-- MATERIAL FOR THIS EXERCISE follows --

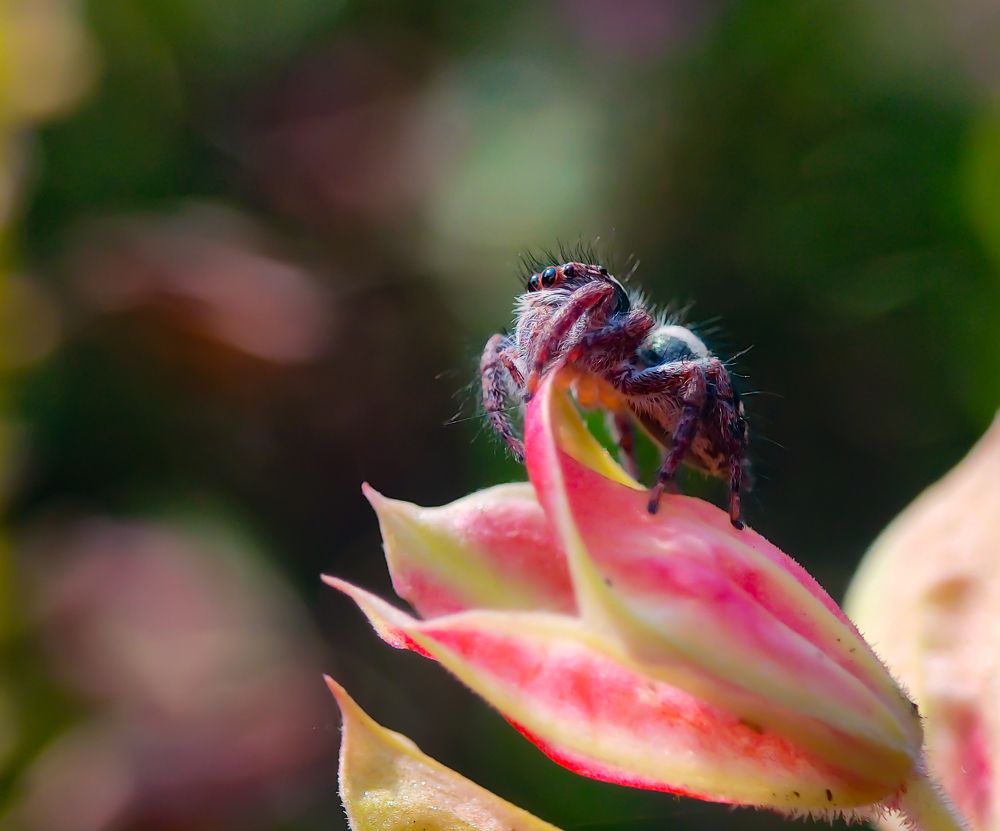 Photograph by Arindam Sahoo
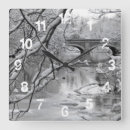 Search for frozen clocks Snow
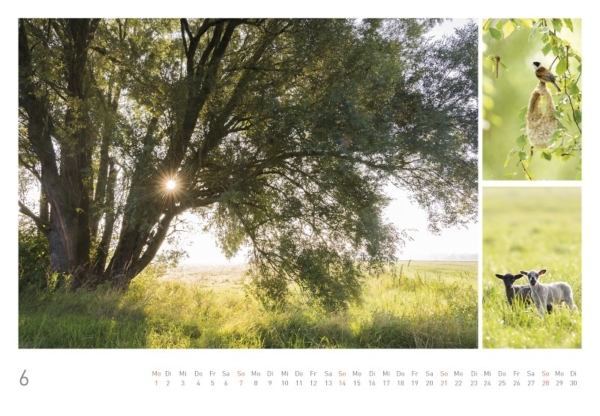 naturbilder 2020 - Impressionen aus der Elbtalaue – Bild 8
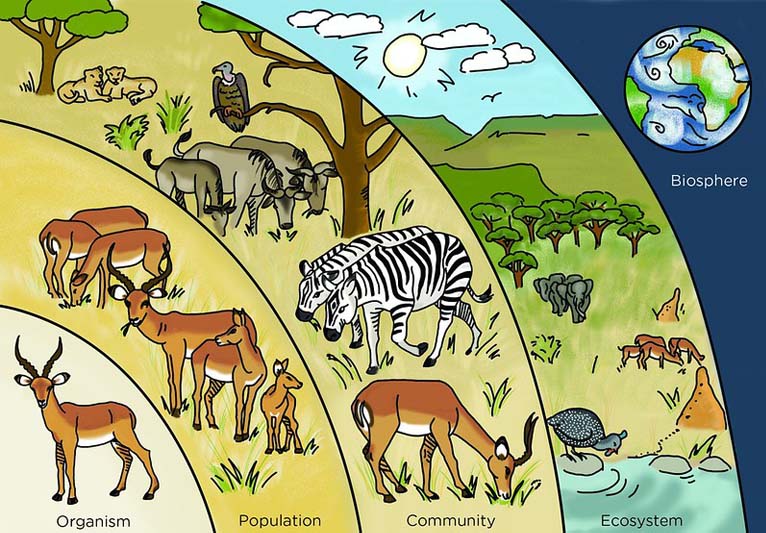 Illustration used in Gr 7-9 Natural Sciences (Life and Living strand).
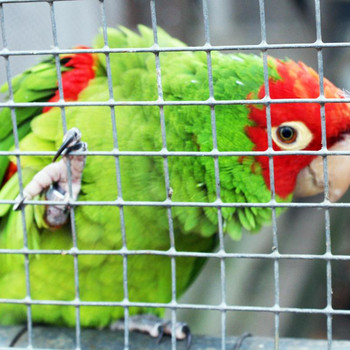 Tierpark Weißewarte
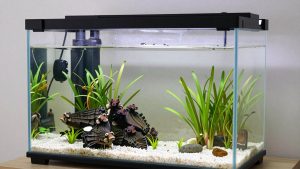 5 Gallon vs 10 Gallon Aquarium: Which Is Right for Your Home (2026)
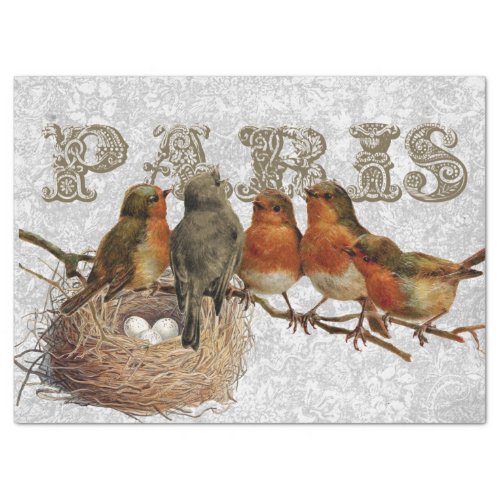 European Robin Birds Nest Paris Decoupage Vintage Tissue Paper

-- MATERIAL FOR THIS EXERCISE concluded --

Pictures are not part of the copy. Extract exactly the lines from the line containing "Search for frozen clocks Snow" through the final line of the entries above, both included.

 Search for frozen clocks Snow
 naturbilder 2020 - Impressionen aus der Elbtalaue – Bild 8
 Illustration used in Gr 7-9 Natural Sciences (Life and Living strand).
 Tierpark Weißewarte
 5 Gallon vs 10 Gallon Aquarium: Which Is Right for Your Home (2026)
 European Robin Birds Nest Paris Decoupage Vintage Tissue Paper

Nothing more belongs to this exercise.